2. Should I get a pleco or add otocinclus that will eat brown algae?
3. Should I buy better kelvin rated lights?

I read that brown algae can be solved with getting better lighting -

My tank is 55g takes 2 - 18 inch lights right now I have aquarium lights from wal-mart in them (810k) there are some on the internet that go up to 20,000k (but are $20+ per bulb) I was hoping to grow some green algae to "choke" out the brown. 

I have four otocinclus in my betta tank - could I transfer them to eat the brown algae. I did buy a snail, but other than skywriting his name in the algae, it has not improved. 
Any suggestions?


----------



## Mikaila31 (Dec 18, 2008)

Brown algae is a sign of a unbalanced tank. Your lighting should be fine IMO. Algae is not normally caused by one issue it is generally a number of contributing factors. You don't want green algae, brown or diatom algae is readily eaten by many things, very few will eat green algae. If the tank is fairly mature adding a oto should be fine. Cleaning the decorations will not harm the cycle.
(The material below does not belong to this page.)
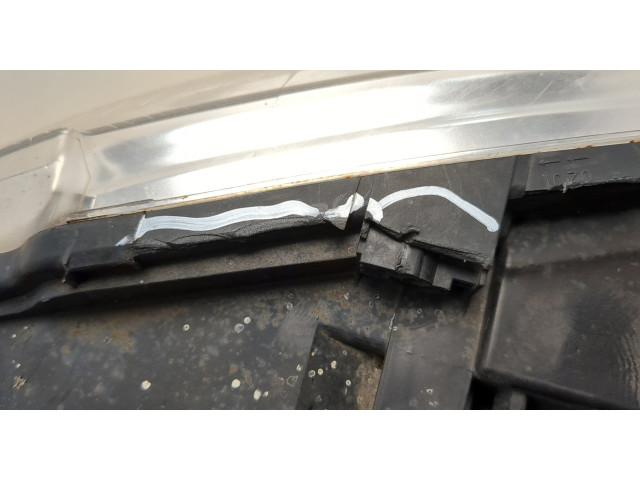 Фара передняя  Volkswagen Caddy 2004-2015 левая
To reduce the algae I would also do more frequent gravel vacuuming and larger or more frequent water changes.


----------



## Oldfishlady (Mar 1, 2010)

What are your water pram numbers for ammonia, nitrite, nitrate, pH and water temp
How long has the tank been set up and is it cycled
IME diatoms are often seen in newly set up tanks or from old bulbs, diatoms are easily wiped off during a water change
How much and how often are your water changes?
Any live plants, if so what kind and how many
What is in the tank now besides the snail
What kind of additives used if any....


----------



## PaperclipGirl (Feb 7, 2010)

This tank was converted from a mature tropical tank to a bare bottom goldfish tank about 1 month ago. 

Temp - 72-74F
Current readings are 0 ammonia, 0 nitrites, and about 5 nitrates (maybe a little less but not a 0). These have been steady readings for a long time on this tank (there was a small mini-cycle that lasted a few days where I had high ammonia readings - this was shortly after removing all substrate) oh and yes - I use a liquid test kit from API. 
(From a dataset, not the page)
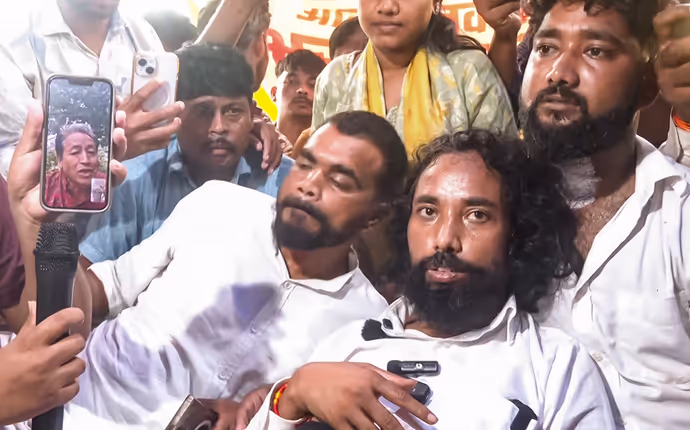 झारखंड में छात्रों का प्रोटेस्टः 5 PHOTOS में देखें कैसे Devendra Nath Mahato ने तोड़ा अनशन
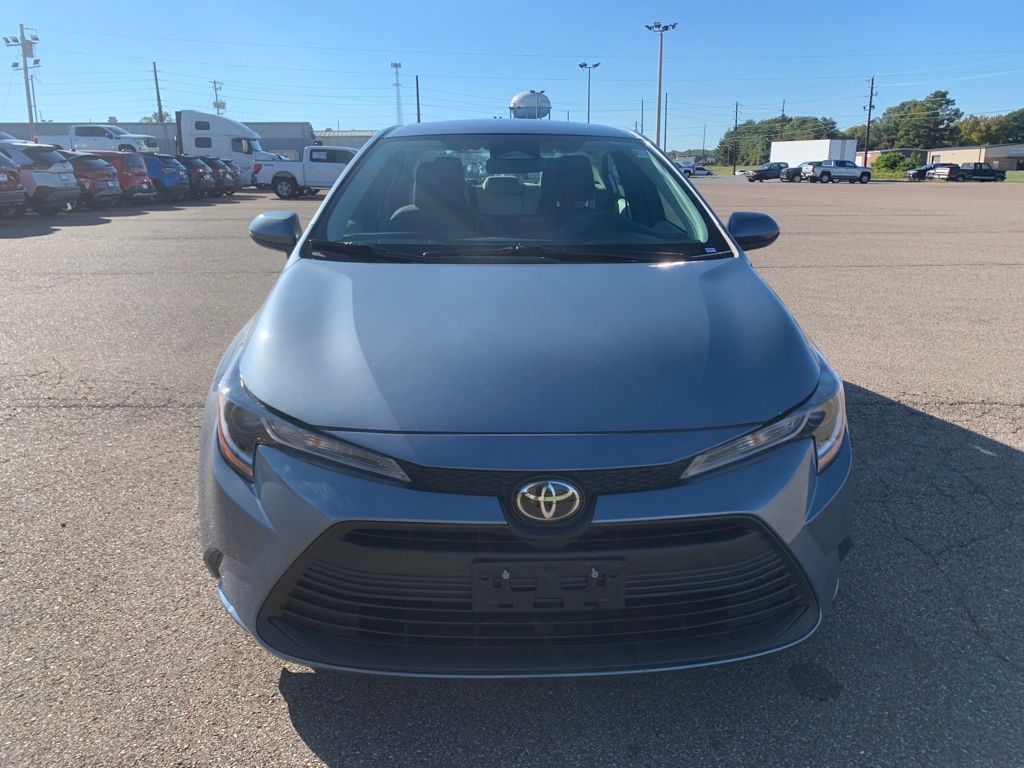 2023 Toyota Corolla LE photo 2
I am faithful on the 20% weekly water changes - I have snuck a couple extra in there when I had issues with trying to add anacharis to the tank. It was after I added the anacharis to the tank that the "brown" and some "green" algae started showing up. Anacharis has since been removed. 
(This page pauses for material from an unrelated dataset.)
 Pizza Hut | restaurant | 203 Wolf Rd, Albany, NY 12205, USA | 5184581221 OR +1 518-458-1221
I read somewhere that not all algae is "bad" for your tank and that goldfish love the green algae - which is actually a sign of a balanced tank (according to this article). The same article said that brown algae will go away with stronger lights - which is why I asked the light question because I do not know anything about lighting (full spectrum vs kelvin... etc).

I currently have a moss ball, some camboda, and another unidentified floading plant bought from pet store and I have 8 (very small) goldfish (4 or 5 of which are going into the pond next month) so I know there are too many fish in here but its temporary. The snail was sold to me as a nerite, but I'm sure its an MTS. 

I have ottos in the other tank and I just thought maybe I could throw them in the goldie tank for a while (since they are about the same temp) and let them eat the brown algae or diatoms - which I read that otto cats love. Because the goldfish are small I'm not worried about my goldies eathing them... 
but if the brown stuff is just going to come back because of my lighting then I need to fix that. 

Oh - and I keep the lights on for 10 hours a day (on a timer)


----------



## MoneyMitch (Aug 3, 2009)

im going to have to agree with whoever said the algae is from a imbalance in the tank, in your case it just sounds like it may be caused by undetectable amounts of ammonia in the tank which is causing the algae this is very common in new tanks where i saw you said it was converted to a goldfish tank. to help with the algae i would cut feeding down a lil bit and maybe do some more h20 changes if that doesnt work then ill revisit the topic .

Money


----------



## Mikaila31 (Dec 18, 2008)

your tank is young, give the brown algae some time to clear up on its own. I would just do manual removeal and increase cleaning. Step water changes up to 50% weekly. I've used really old bulbs and I don't believe that would cause brown algae. Brown algae is easy to remove, especially with a bare tank. Just take some filter floss and use it to clean the glass.


----------



## aunt kymmie (Jun 2, 2008)

+1 to Mikaila. Every single tank I've set up has developed a case of serious brown diatoms, then one day it just magically disppears. Hang tight, it'll go away once your tank matures, in the meantime just wipe it away as Mikaila suggests.


----------



## PaperclipGirl (Feb 7, 2010)

wiped a lot of it (brown algae) off with the last water change - I do want the green algae to grow on the bottom, back and sides - my ultimate goal is for a "carpet" of algae - maybe not attainable

Still any advice on the lighting? I ask this in part because of I have some floating plants too... and I'd rather have them grow than decay because of lack of lighting/spectrum/brightness/etc.


----------



## Oldfishlady (Mar 1, 2010)

You want 6500k and 40w daylight bulbs for best low to mod light plants growth...I use the GE brand from walmart for 5 buck each on my 48 inch tanks (55g and 75g tanks) daylight bulbs and get great plant growth and use 2 to 3 bulb with a shop light for 10 bucks...I toss the the lights from the 55g kit and use over my 10 and 20g tanks......I have 9 heavy planted tanks that are growing great with these set-ups.....I also change out the bulbs every 6 months due to my photo period of 12 hours on the bulbs


----------



## PaperclipGirl (Feb 7, 2010)

Thanks! I have the kit light set up - and those take the 18in bulbs which I found limit my bulb selection. I guess that will be the next tank up grade!


----------



## Byron (Mar 7, 2009)

PaperclipGirl said:


> Thanks! I have the kit light set up - and those take the 18in bulbs which I found limit my bulb selection. I guess that will be the next tank up grade!


So this is a 55g with two 18-inch tubes. I suggest you simply replace the existing tubes with better light. Oldfishlady was cotrrect in my view, daylight/full spectrum around 6500K is good plant light and provides good colour rendition. You may be able to get this size in your local hardware store (Home Depot, Lowe's...), the HD here now has these tubes in the smaller (smaller than 48-inch) sizes. Phillips, Sylvannia or GE daylight around 6500K is fine. You will have no problem with floating plants, guaranteed.

Byron.


----------